Concernant l'organisation commune de marché (OCM), « c'est un dispositif imparfait mais un levier intéressant, dont nous réclamons la prolongation au-delà de 2018 », a indiqué Boris Calmette. Par ailleurs, après avoir souligné les avancées obtenues avec la loi d'avenir (lire article ci-dessus), il a souhaité que la simplification administrative soit suivie d'effets, notamment pour le compte pénibilité. Et il a demandé un délai d'adaptation pour la déclaration sociale nominative.
Evoquant le nouveau régime d'autorisation de plantation, « nous avons collectivement intérêt à ce que ce système fonctionne pour éviter sa remise en cause », a-t-il estimé. En matière d'œnotourisme, il a fait part d'un partenariat avec Gîtes de France et salué l'avancée sur la loi Evin permettant désormais de distinguer publicité et information.
Enfin, le président de la CCVF a considéré la constitution d'un pôle vin au sein d'InVivo (InVivo Wine) comme « une bonne nouvelle et une opportunité ».

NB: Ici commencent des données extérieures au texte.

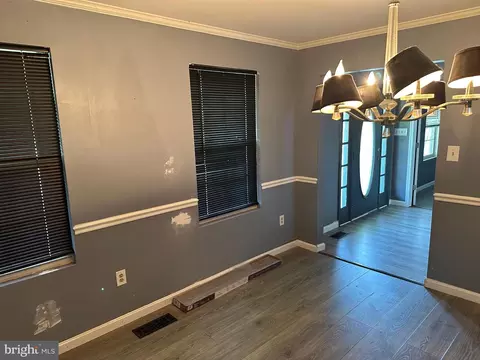 Living - 15975 Meandering Dr, Brandywine, MD 20613 photo 1 of 2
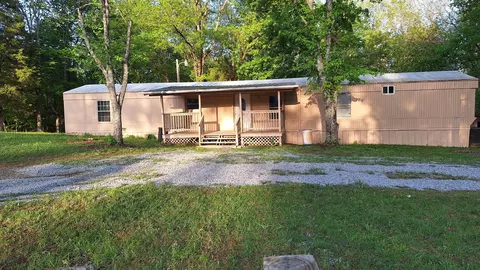 342 E Little Richland Rd, Waverly, TN 37185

« Définir des stratégies d'ensemble »
Dans son intervention, Hervé Durand, directeur général adjoint à DGPE*, a incité les caves coopératives à définir des « stratégies d'ensemble » pour relever les défis, notamment celui de la concurrence. A propos de l'assurance climatique/récolte, il a rappelé le maintien du taux de subvention à 65 % et incité les caves à favoriser la souscription de ce type de contrat. Le représentant du ministère de l'Agriculture a également invité les coopératives à se saisir des « investissements d'avenir » pour développer l'innovation en viticulture. Sur le nouveau dispositif des autorisations de plantation, « nous travaillons à sa simplification via une téléprocédure », a-t-il indiqué, non sans provoquer un peu d'hilarité dans la salle.
C. L.
* DGPE : direction générale de la performance économique et environnementale des entreprises.